A number of years ago, a friend attributed the low amount of friction and conflict in our Shul to apathy. If people cared more about Shul going-ons, they would fight more for what they thought was right. Influenced perhaps by my role as an officer at that time, I attributed the low level of conflict to general state of satisfaction with the Shul.
On the other extreme is the trait of diligence, in which you’re constantly concerned with improving the state of affairs. All happy all the time is the lofty goal of this mindset. No problem too small, no problem too tough.
Visiting Israel and davening in many different Shuls gave me a chance to refresh my perspective on this issue. I was very interested in the speed of davening, customs and the running of the service wherever I went, however in minyan factories no input is needed and as a guest, input is usually not appropriate. In fact most minyanim run fine on autopilot: 10 men together – start davening, 10 men finished – start the repetition of the Shomoneh Esrai.

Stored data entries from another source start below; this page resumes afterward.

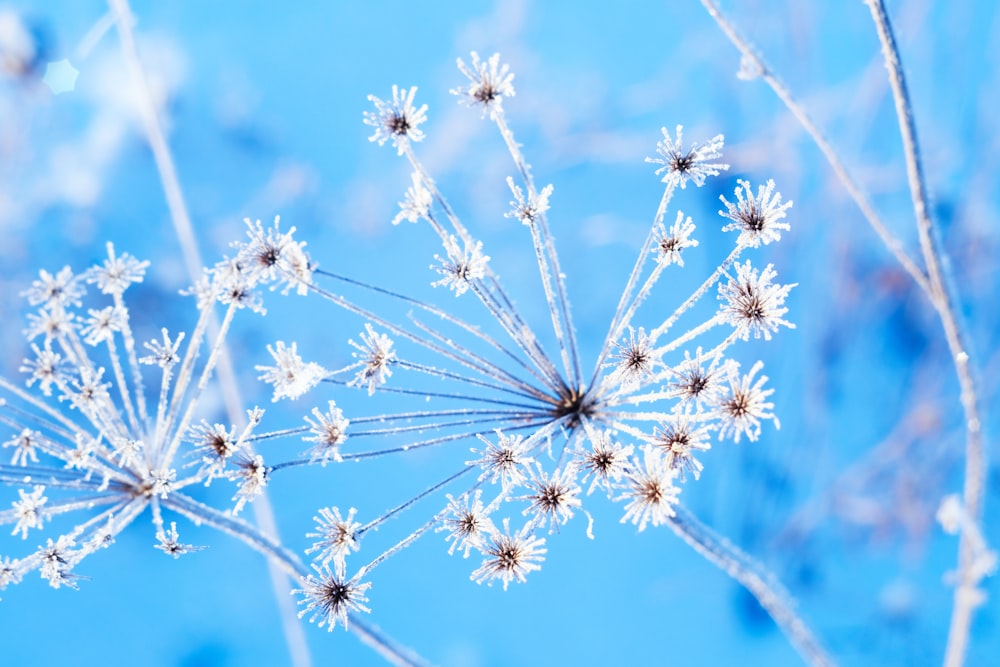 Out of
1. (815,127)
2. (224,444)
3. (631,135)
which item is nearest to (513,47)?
(631,135)

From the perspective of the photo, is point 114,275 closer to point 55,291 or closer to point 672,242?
point 55,291

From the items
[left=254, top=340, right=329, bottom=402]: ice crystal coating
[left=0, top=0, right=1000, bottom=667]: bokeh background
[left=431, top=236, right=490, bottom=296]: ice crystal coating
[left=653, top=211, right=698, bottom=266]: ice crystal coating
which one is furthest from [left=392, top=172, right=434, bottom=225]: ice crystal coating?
[left=0, top=0, right=1000, bottom=667]: bokeh background

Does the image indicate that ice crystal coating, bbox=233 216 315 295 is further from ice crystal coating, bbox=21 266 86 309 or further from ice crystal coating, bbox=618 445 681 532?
ice crystal coating, bbox=618 445 681 532

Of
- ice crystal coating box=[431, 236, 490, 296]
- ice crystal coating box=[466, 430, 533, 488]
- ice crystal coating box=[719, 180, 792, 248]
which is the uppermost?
ice crystal coating box=[431, 236, 490, 296]

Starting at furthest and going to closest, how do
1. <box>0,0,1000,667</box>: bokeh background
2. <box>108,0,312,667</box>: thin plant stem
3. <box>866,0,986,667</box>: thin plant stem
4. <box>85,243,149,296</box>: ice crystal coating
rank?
1. <box>0,0,1000,667</box>: bokeh background
2. <box>108,0,312,667</box>: thin plant stem
3. <box>85,243,149,296</box>: ice crystal coating
4. <box>866,0,986,667</box>: thin plant stem

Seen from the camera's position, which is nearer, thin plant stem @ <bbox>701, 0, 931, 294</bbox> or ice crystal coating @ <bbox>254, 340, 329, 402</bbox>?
thin plant stem @ <bbox>701, 0, 931, 294</bbox>

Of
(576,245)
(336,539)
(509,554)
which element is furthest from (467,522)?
(576,245)

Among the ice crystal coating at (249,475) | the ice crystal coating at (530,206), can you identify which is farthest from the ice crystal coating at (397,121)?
the ice crystal coating at (249,475) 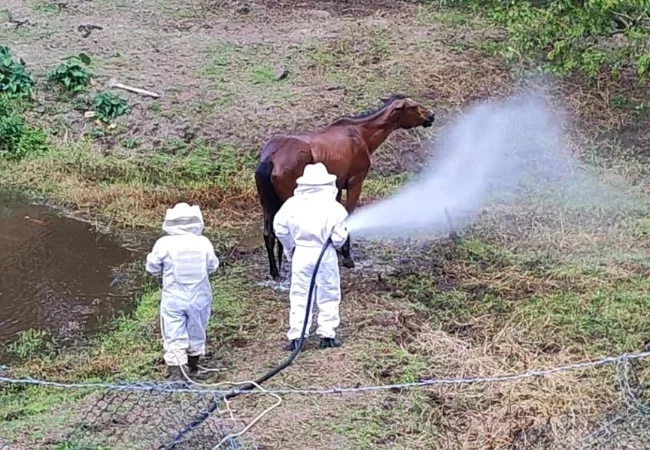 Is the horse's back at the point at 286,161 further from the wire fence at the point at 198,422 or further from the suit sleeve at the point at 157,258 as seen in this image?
the wire fence at the point at 198,422

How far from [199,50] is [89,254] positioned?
6359 mm

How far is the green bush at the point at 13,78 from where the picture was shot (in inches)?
573

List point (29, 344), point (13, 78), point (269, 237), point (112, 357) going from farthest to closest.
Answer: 1. point (13, 78)
2. point (269, 237)
3. point (29, 344)
4. point (112, 357)

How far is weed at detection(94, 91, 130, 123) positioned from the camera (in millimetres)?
14195

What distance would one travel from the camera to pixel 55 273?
9773mm

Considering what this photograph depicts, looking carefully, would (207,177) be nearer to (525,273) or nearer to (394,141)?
(394,141)

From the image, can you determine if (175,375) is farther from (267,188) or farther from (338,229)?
(267,188)

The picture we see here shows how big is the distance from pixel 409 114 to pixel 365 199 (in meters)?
1.93

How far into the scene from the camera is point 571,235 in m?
10.2

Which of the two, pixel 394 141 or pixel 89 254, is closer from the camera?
pixel 89 254

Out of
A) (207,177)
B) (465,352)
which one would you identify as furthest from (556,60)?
(465,352)

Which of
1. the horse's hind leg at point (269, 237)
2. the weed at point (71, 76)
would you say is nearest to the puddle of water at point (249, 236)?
the horse's hind leg at point (269, 237)

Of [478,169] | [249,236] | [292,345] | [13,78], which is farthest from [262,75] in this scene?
[292,345]

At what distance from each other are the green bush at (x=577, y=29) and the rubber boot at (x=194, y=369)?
6.64 m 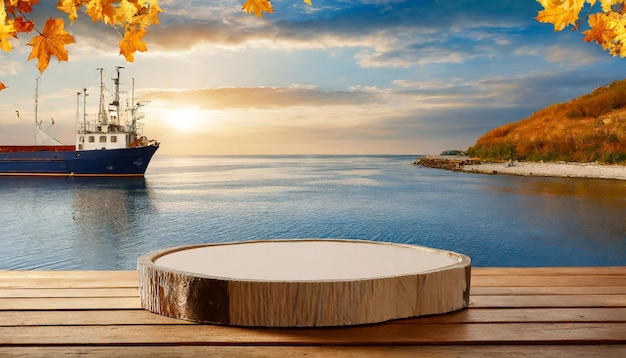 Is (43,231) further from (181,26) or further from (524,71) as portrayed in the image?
(524,71)

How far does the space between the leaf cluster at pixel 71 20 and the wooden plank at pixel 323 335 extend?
2.28 ft

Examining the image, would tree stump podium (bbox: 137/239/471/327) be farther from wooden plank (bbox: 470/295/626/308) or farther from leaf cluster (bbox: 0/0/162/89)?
leaf cluster (bbox: 0/0/162/89)

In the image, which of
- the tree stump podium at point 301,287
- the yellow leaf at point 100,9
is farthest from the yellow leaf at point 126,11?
the tree stump podium at point 301,287

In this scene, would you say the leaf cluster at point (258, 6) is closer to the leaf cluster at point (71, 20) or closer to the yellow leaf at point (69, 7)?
the leaf cluster at point (71, 20)

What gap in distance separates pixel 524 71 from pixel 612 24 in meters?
40.5

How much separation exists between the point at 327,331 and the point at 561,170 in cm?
3096

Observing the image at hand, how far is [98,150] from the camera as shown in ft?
93.9

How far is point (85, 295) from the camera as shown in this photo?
1865mm

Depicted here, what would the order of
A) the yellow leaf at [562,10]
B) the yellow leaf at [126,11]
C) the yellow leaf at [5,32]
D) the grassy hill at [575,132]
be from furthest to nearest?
the grassy hill at [575,132]
the yellow leaf at [126,11]
the yellow leaf at [562,10]
the yellow leaf at [5,32]

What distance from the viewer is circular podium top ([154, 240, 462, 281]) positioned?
1646 mm

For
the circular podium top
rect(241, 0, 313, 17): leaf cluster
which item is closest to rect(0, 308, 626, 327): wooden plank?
the circular podium top

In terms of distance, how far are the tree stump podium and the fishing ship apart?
29.0 meters

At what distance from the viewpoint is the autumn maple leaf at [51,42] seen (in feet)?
4.40

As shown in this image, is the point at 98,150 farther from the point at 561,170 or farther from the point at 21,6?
the point at 21,6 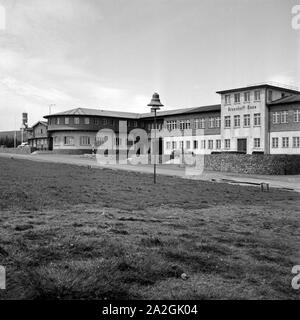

My lack of involvement was not due to apathy, rather it was because my input and manpower was not needed.
Sometimes people complain that 20% of the members do 95% of the work. A closer look might reveal that the quiet 80% are not apathetic, they’re just cautious about giving unnecessary input. The diligent one might look for opportunities to get more people involved, while the wiser approach might be to let things run their natural course and most people will find the involvement level that works best for them.